There is an expanding literature that supports the idea that several aspects of addiction to drugs of abuse are behavioral expressions of pathological forms of learning and memory coded in brain circuits involved in reward processing. At a cellular level, it has now been well demonstrated that several drugs of abuse interfere with synaptic plasticity mechanisms in reward regions and thereby influence their function (Wolf et al., 2004; Kauer & Malenka, 2007).
In this context, it is relevant to emphasize that whereas LTP and LTD, the two most studied forms of synaptic plasticity, are widely viewed as cellular models of learning and memory, it is also well appreciated that their implementation in neuronal network models carries an inherent stability problem (Turrigiano, 2008). The phenomenon of homeostatic synaptic scaling (O’Brien et al., 1998; Turrigiano et al., 1998) satisfactorily solves many of the issues related to this problem and has thus triggered considerable interest. This plasticity refers to the bi-directional ability of the overall synaptic strength of a neuron to actively compensate for changes in overall excitability levels, presumably to maintain firing rates within an optimal range (Davis, 2006; Turrigiano, 2008).
Although homeostatic scaling can intuitively be expected to be found in all circuits where LTP and LTD are operative, including reward processing circuits, we still have an incomplete understanding of the degree of universality of this mechanism in the brain. Also, if such a mechanism were operant in brain reward circuits, would drugs of abuse affect it? If so, by what mechanisms? The study of Sun & Wolf (2009) published in this issue of EJN provides interesting progress along these lines.
To begin addressing these questions, the authors sought to determine whether neurons of the nucleus accumbens in an in vitro culture preparation exhibit the core features of homeostatic synaptic scaling. This nucleus, an intricate part of the brain reward pathway implicated in addiction, is overwhelmingly composed of GABAergic medium spiny projection neurons and receives a strong dopaminergic input from the ventral tegmentum area. Experimentally, this network architecture brings an inherent complication for in vitro culture preparation as this structure does not provide an intrinsic glutamatergic drive required for the establishment of functional networks. To circumvent this issue, the authors used a clever co-culture system where accumbens neurons were co-cultured with prefrontal cortex pyramidal neurons (which provide strong excitatory input to accumbens neurons in situ).

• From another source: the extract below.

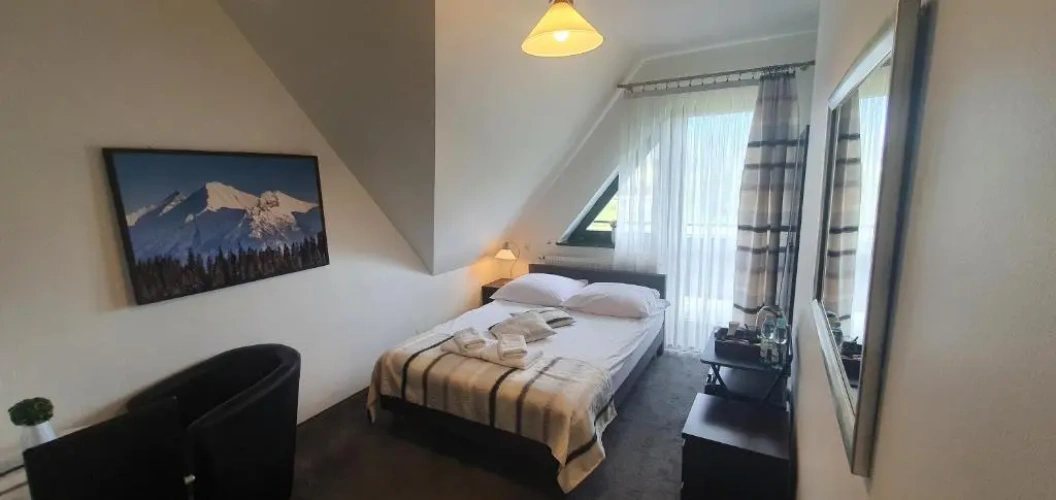 Standard Double room with balcony and with mountain view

Using this system, the authors blocked synaptic activity for prolonged periods of time using pharmacological tools and observed a robust compensatory upregulation of surface expression of AMPA receptors (AMPARs), the hallmark of synaptic scaling. Importantly, this synaptic scaling in accumbens neurons was bi-directional, as increases in network activity lead to a reduction of surface expression of AMPARs. As such, these findings show that accumbens neurons, like cortical and spinal neurons, exhibit robust homeostatic synaptic scaling. The authors further worked out some interesting molecular details of this phenomenon.
In an attempt to broadly recapitulate in a culture system the conditions of chronic cocaine use, the authors administered repeated dopamine treatments over several days (which is known to enhance surface expression of AMPARs; Wolf et al., 2004) before the scaling challenge. Intriguingly, the dopamine-induced increase in AMPAR expression occluded that induced by scaling challenge. The presence of an occlusion between two phenomena is usually interpreted as indicating some level of commonality between their expression mechanisms. It is possible that there might be fixed upper and lower limits of synaptic strength that cannot be surpassed by the scaling process, and that would be maximized by the dopamine treatment. The outcome of this interplay on overall network function at this point is unclear, so is its pathological role. Extrapolating a little, would cocaine essentially hijack the scaling process? Would it, in effect, modulate its dynamic range? Its gain?
Regardless of these mechanistic minutiae that await clarification, this study of Sun & Wolf (2009) firmly establishes the presence of synaptic scaling in a brain region involved in reward and hints that drugs of abuse, like cocaine, may adversely affect its function. Altogether, just as we are trying to understand the computational features of the interaction between homeostatic synaptic scaling and classic synaptic plasticity that are relevant for information storage, this study shows that this challenge likely equally applies to our quest to understand the neural basis of addiction.